Author:枕头网   Time:2012-9-12 15:17:33


 

The agger of the London-Lewes Roman road, visible at Roman Road car park, Ashdown Forest.

Ashdown Forest contains a wealth of archeological features. Absence of ploughing, predominance of heathland and lack of building development have allowed archaeological sites to survive and remain visible. More than 570 such sites have been identified, including Bronze Age round barrows, Iron Age enclosures, prehistoric field systems, iron workings from Roman times onwards, the Pale, medieval and post-medieval pillow mounds for the rearing of rabbits, and a set of military kitchen mounds between Camp Hill and Nutley dating from 1793 that are among the only surviving ones in the United Kingdom.[1] The earliest known trace of human activity in Ashdown Forest is a stone hand axe found near Gills Lap, which is thought to be about 50,000 years old.[2] The vast majority of finds however date from the Mesolithic (11,000-7,000 BP) and onwards into the modern era.

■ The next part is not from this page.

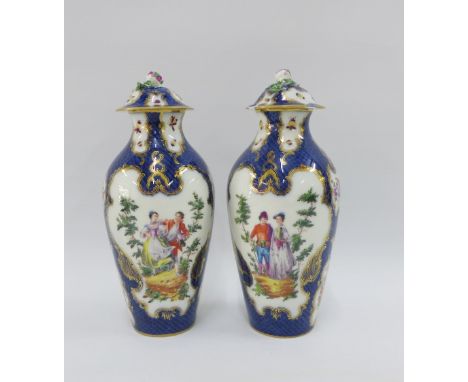 Pair of 19th century porcelain lidded vases painted with figures against a  blue scale ground with gilt highlights and butter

Contents 1 Cultural remains 1.1 Stone age 1.2 Bronze age 1.3 Iron age 2 Garden Hill site 3 Roman roads and pre-Roman trackways 4 Footnotes [edit] Cultural remains [edit] Stone age

Occasional stone tools remain as evidence of an early culture.

[edit] Bronze age

Burial mounds, round barrows, are among the features still extant from the Bronze Age.

[edit] Iron age

The late pre-Roman Iron Age (100 BC to AD 43) saw a conspicuous reconfiguration of the settlement and economic geography of Sussex, of which one aspect was the disappearance of hill-forts from the South Downs (except Devils Dyke) and the establishment of hill-forts in the High Weald, including one in Ashdown Forest at Garden Hill (see below).[3] Three other hill-forts lie in close proximity at Philpots, Saxonbury and Dry Hill. The general consensus is that these hill-forts are associated with a more intensive exploitation of the iron resources of the Weald.[4] This period also presents the first evidence for centralised ceramic production, with specialist pottery sites identified at Chelwood Gate and Horsted Keynes, both situated close to the Forest and ideally located to exploit the local potting clays. Elsewhere in Ashdown Forest there is evidence of Iron Age enclosures at Gills Lap, marked by a roundel of fir trees, and Kings Standing, both situated on high hilltops.[5] Another site, at Chelwood Gate, known as Danes Graves, shows evidence of late pre-Roman Iron Age iron working.

[edit] Garden Hill site

Garden Hill, situated on a hill spur south of Colemans Hatch Road, is Ashdown Forests most important scheduled ancient monument, containing both an Iron Age hill-fort and the remains of an important Romano-British iron-working centre.[6] In 1972 archaeologists uncovered a small but complete 2nd century AD Romano-British stone-built bath-house. Subsequent excavations produced evidence of Neolithic, Bronze Age and early pre-Roman occupation of the hill-top and uncovered remains of a late pre-Roman Iron Age and Romano-British iron-working settlement of the first, second and early 3rd centuries AD. This included pre-Roman round houses, a rectangular 2nd-century Roman timber villa to which the bath building was attached, and an almost complete pane of Roman window-glass that was later acquired by the British Museum. Both iron-making (ore roasting and smelting) and iron-working (forging) were conducted, but this is likely to have been small in scale. Later the industrial workings were levelled and replaced by the villa and other buildings of a non-industrial character, suggesting that the settlement may have operated through the 2nd century more as a managerial centre for other iron-working sites nearby, such as the small early 1st century bloomeries at Pippingford Park and Cow Park before probably becoming abandoned by the mid 3rd century.[6] Garden Hill lies within the Ministry of Defences Pippingford Park military training area and is not open to the public.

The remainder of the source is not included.